AIR pollution will continue to kill scores of people every year in Southampton until 2030, the Government has admitted.

Ministers had predicted that European limits on deadly nitrogen dioxide – mainly from vehicle exhausts – would be achieved in the city by 2020.

But officials are now warning that people in the ‘Southampton urban area’ will be exposed to dangerous levels of the gas for a further decade.

Meanwhile, separate figures put the current number of “excess deaths” from nitrogen dioxide and other particulate gases in Southampton at 110 every year.

A further 495 people die annually across Hampshire, including in the New Forest (97), Isle of Wight (78), Fareham (59), Eastleigh (55), Test Valley (51) and Winchester (51).

Southampton is joined by Portsmouth, as well as London, Birmingham and Leeds, on a list of the biggest urban areas where dangerous air pollution will continue until 2030.

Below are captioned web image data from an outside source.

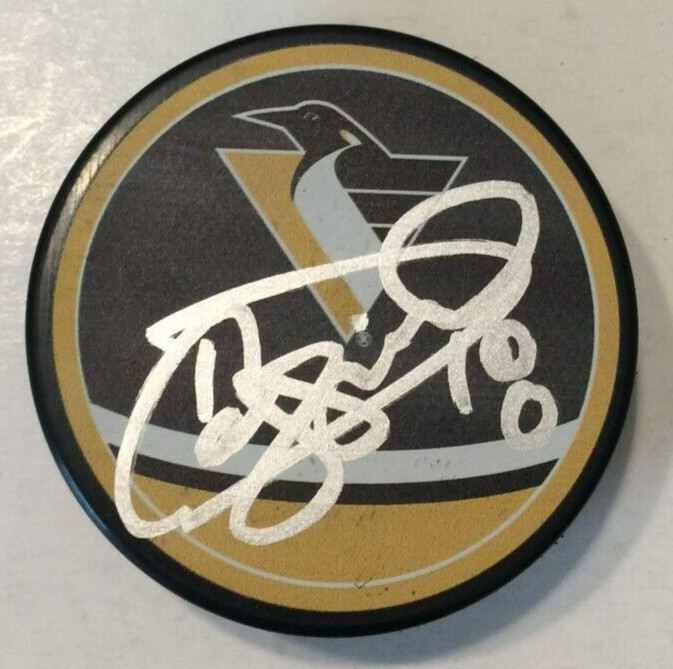 DRAKE CAGGIULA SIGNED PITTSBURGH PENGUINS HOCKEY PUCK W/ CASE COA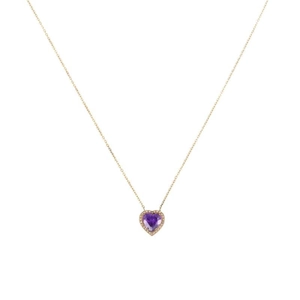 Elegant 18k gold plated necklace featuring a purple heart zircon gemstone pendant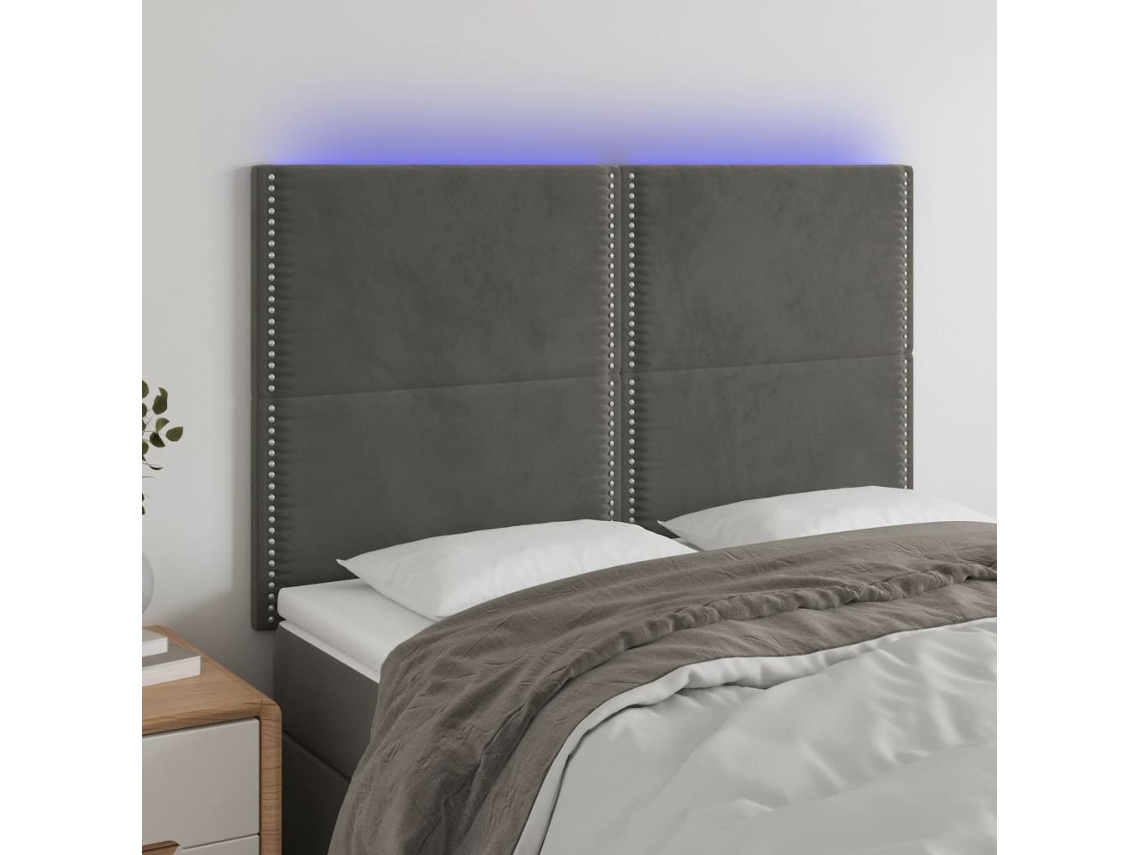 Cabecero de terciopelo con LED 144x5x118/128 cm Gris oscuro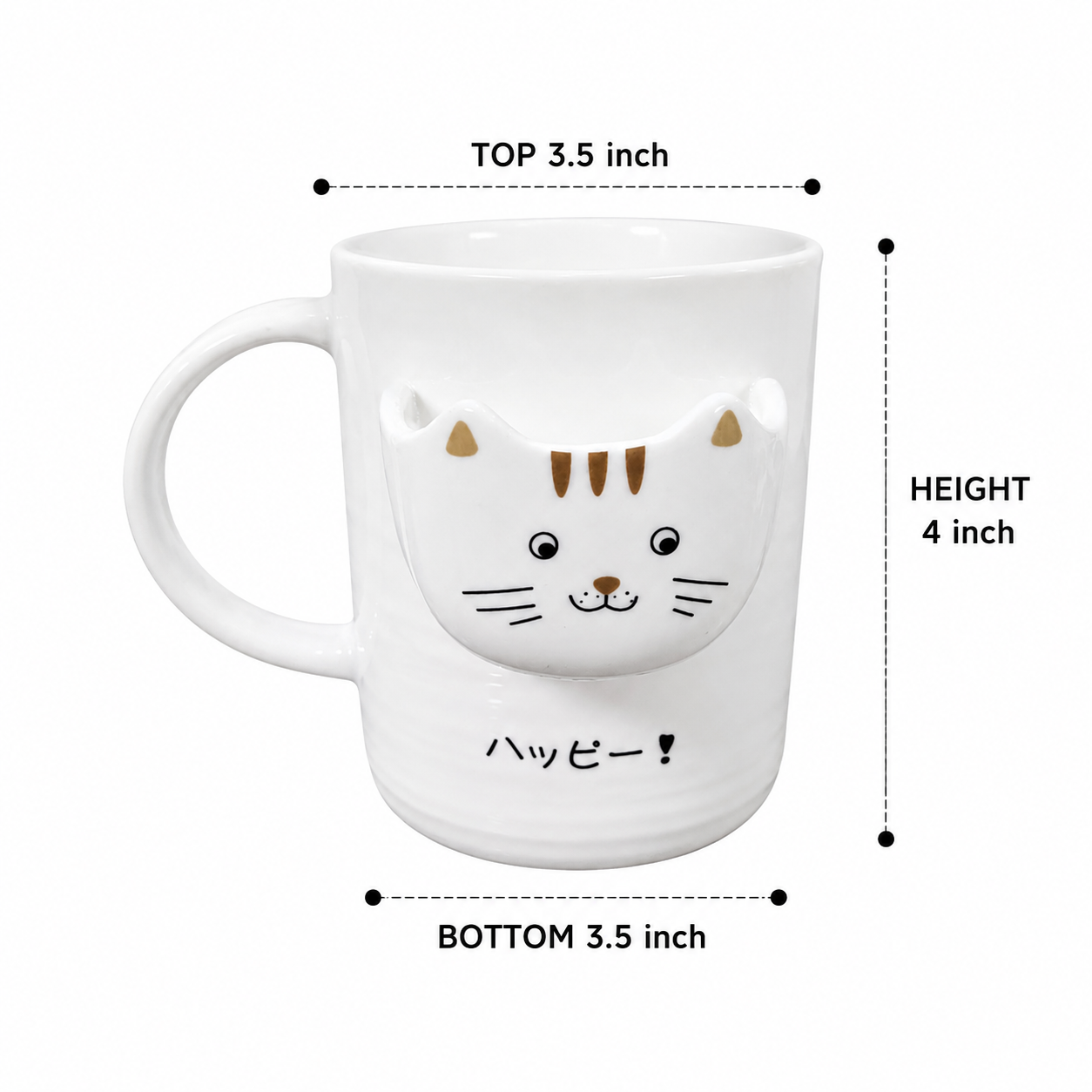 Eleven to Eleven Cute Cat Ceramic Mug with Lid and Spoon | Coffee & Tea Mug | Large Capacity Ceramic Cup | Office Desk Mug | Gift for Women, Men & Cat Lovers (400ml - Brown)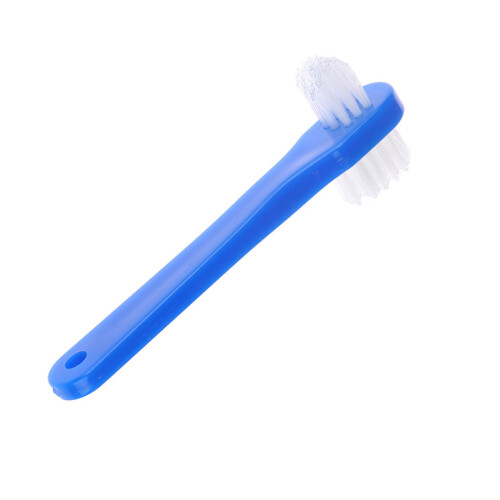 Brosse à prothèses denses, brosse à dents à Double tête,-Bleu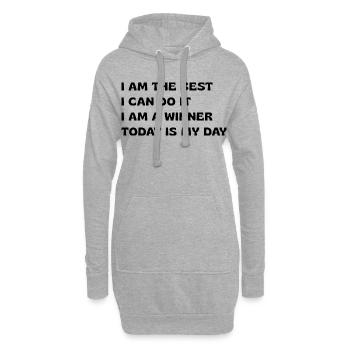 Affirmations puissantes - Sweat-shirt à capuche long Femme - gris chiné - Devant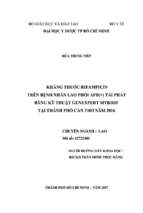 Kháng thuốc rifampicin trên bệnh nhân lao phối afb(+) tái phát bảng kỹ thuật genexpert mtbrif tại thành phố cần thơ năm 2016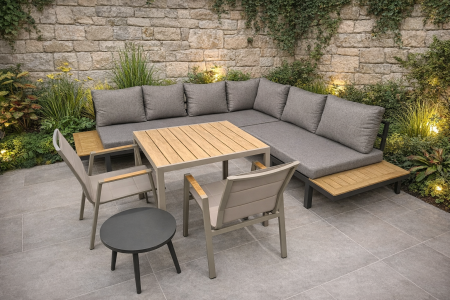 جلسة كورنر ألمنيوم خارجية (Outdoor aluminum corner seating)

The news comes after the Daily Echo revealed earlier this year that an air-monitoring station based close to two of the city’s most congested roads was being axed by city chiefs to cut costs.

The station, based in Millbrook Road, was used to measure potentially toxic fumes from traffic and industries.

The department for environment, food and rural affairs (Defra) blamed the delay on higher-than-expected emissions from diesel cars.

Diesel has replaced petrol in many cars – because it produces less carbon dioxide, blamed for climate change – but emissions of nitrogen dioxide are higher.

To the Government’s embarrassment, the Eu’s original deadline for meeting the limits was 2010.

Jenny Bates, of Friends of the Earth, said: “Failure to meet air pollution limits in our major cities for another 16 years would have serious impacts on the health of thousands of people.

“These air quality rules should already have been met. Government and councils must make this issue an urgent priority and end this scandal.”

The revised estimates were buried on Defra’s website, after it became clear that the laboratory test for car emissions underestimates the amount of air pollution from diesel cars.

The EU’s air quality directive sets a limit of no more than 40 micrograms of nitrogen dioxide per cubic metre of air that we breathe, as an annual average.

But according to Defra, that annual average will be 66 in Southampton in 2015, falling to 48 (in 2020), 41 (in 2025) and to 39 (in 2030).

The European Court of Justice will rule by the end of the year on what action Britain needs to take.